_Task brief_: Reproduce the listing exactly and skip over any pictures.

_The data_:
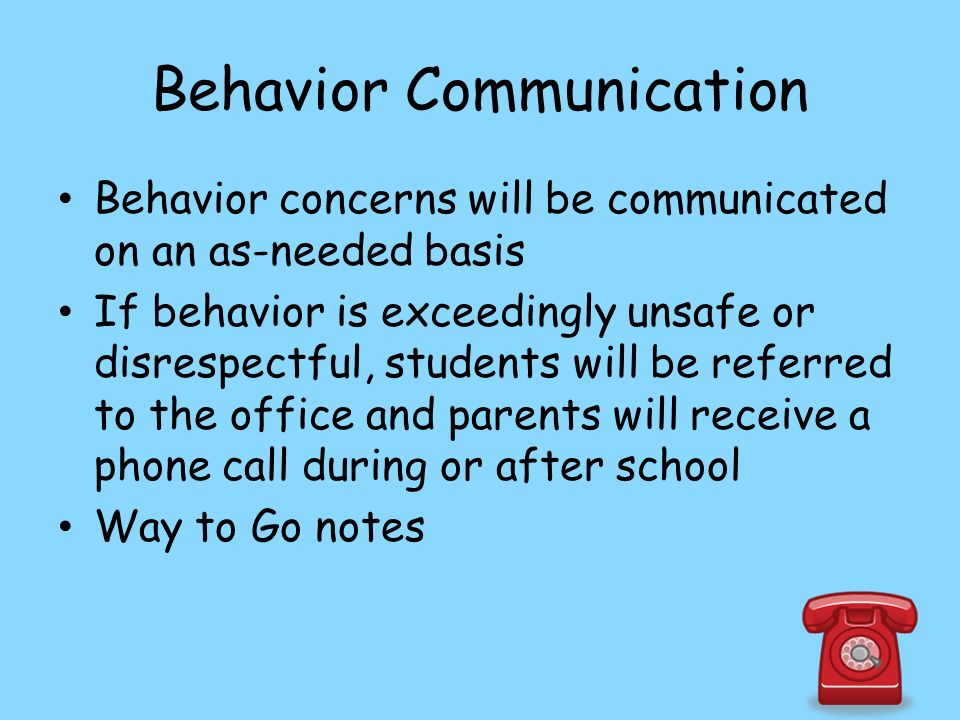Behavior Communication Behavior concerns will be communicated on an as-needed basis If behavior is exceedingly unsafe or disrespectful, students will be referred to the office and parents will receive a phone call during or after school Way to Go notes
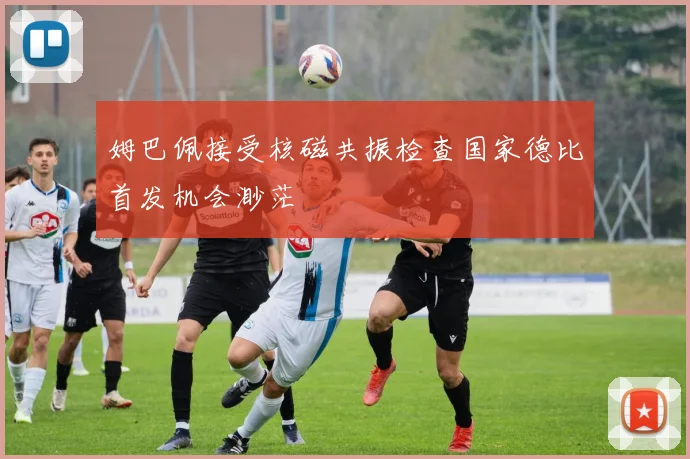 姆巴佩接受核磁共振检查国家德比首发机会渺茫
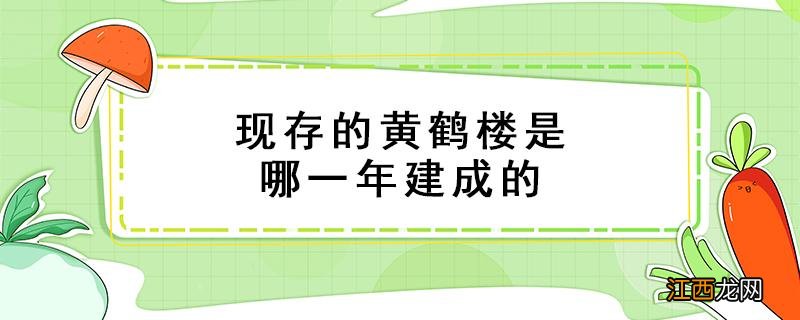 现存的黄鹤楼是哪一年建成的 黄鹤楼是哪一年建造的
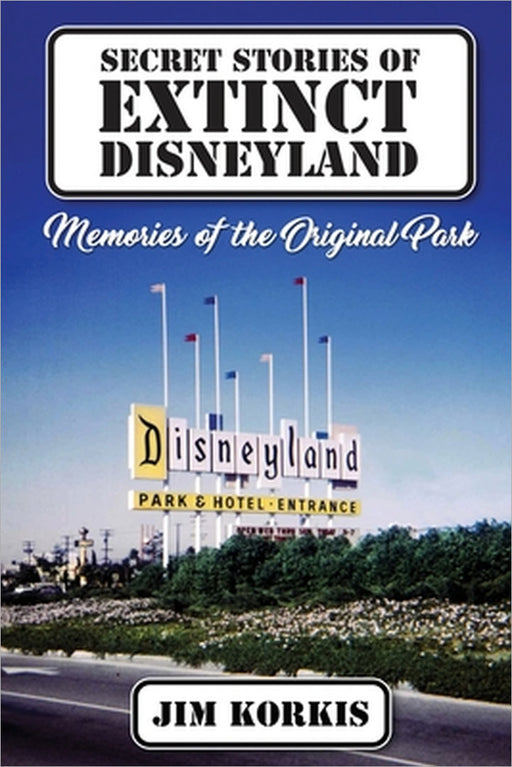 Secret Stories of Extinct Disneyland: Memories of the Original Park by Jim Korkis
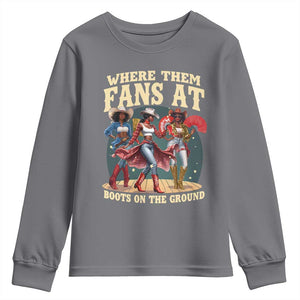 Where Them Fans At Boots On The Ground Black Cowgirl Youth Sweatshirt TS10 Charcoal Print Your Wear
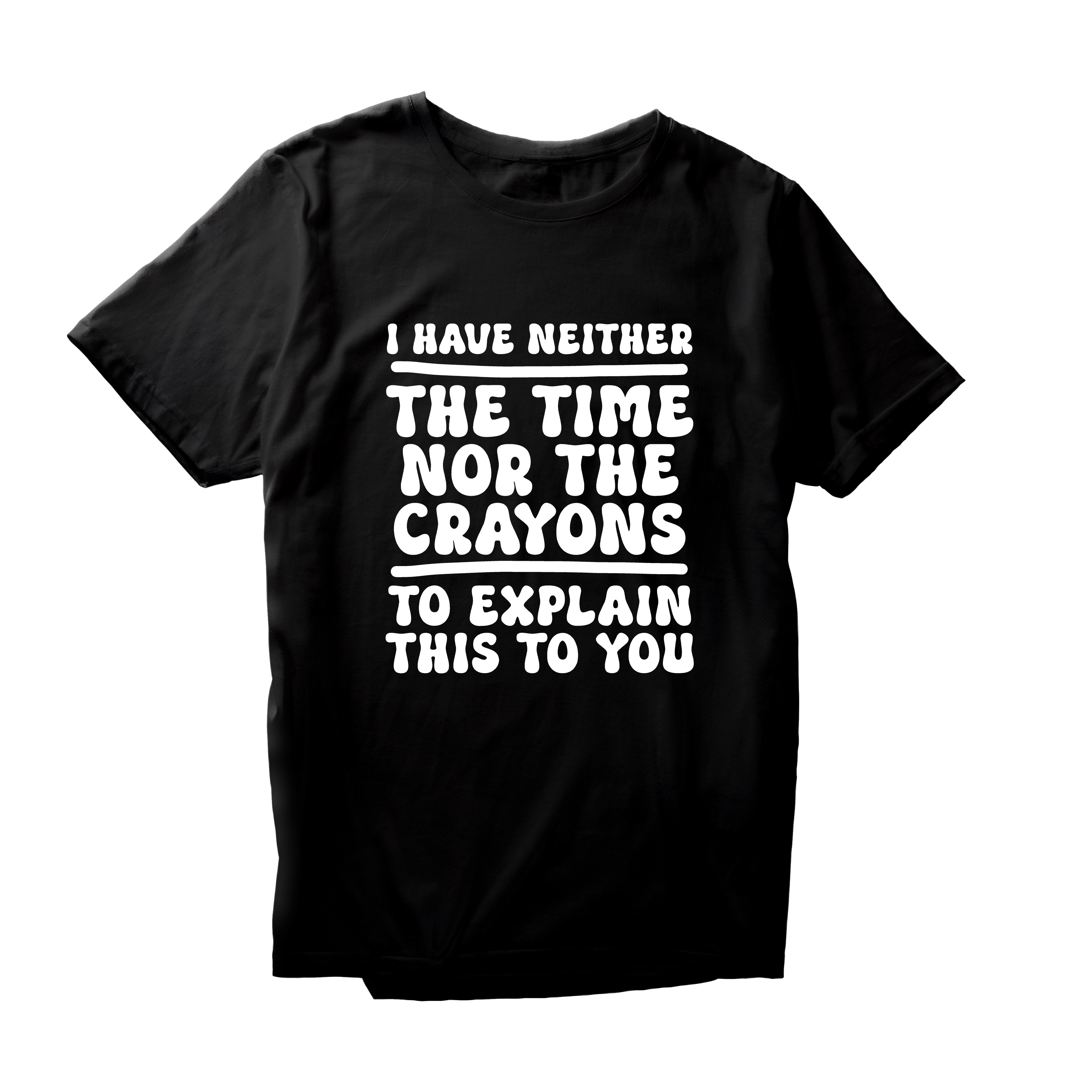Alfaq I Have Neither The Time Nor The Crayons T-Shirt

_Task solution_:
Behavior Communication Behavior concerns will be communicated on an as-needed basis If behavior is exceedingly unsafe or disrespectful, students will be referred to the office and parents will receive a phone call during or after school Way to Go notes
 姆巴佩接受核磁共振检查国家德比首发机会渺茫
 现存的黄鹤楼是哪一年建成的 黄鹤楼是哪一年建造的
 Secret Stories of Extinct Disneyland: Memories of the Original Park by Jim Korkis
 Where Them Fans At Boots On The Ground Black Cowgirl Youth Sweatshirt TS10 Charcoal Print Your Wear
Alfaq I Have Neither The Time Nor The Crayons T-Shirt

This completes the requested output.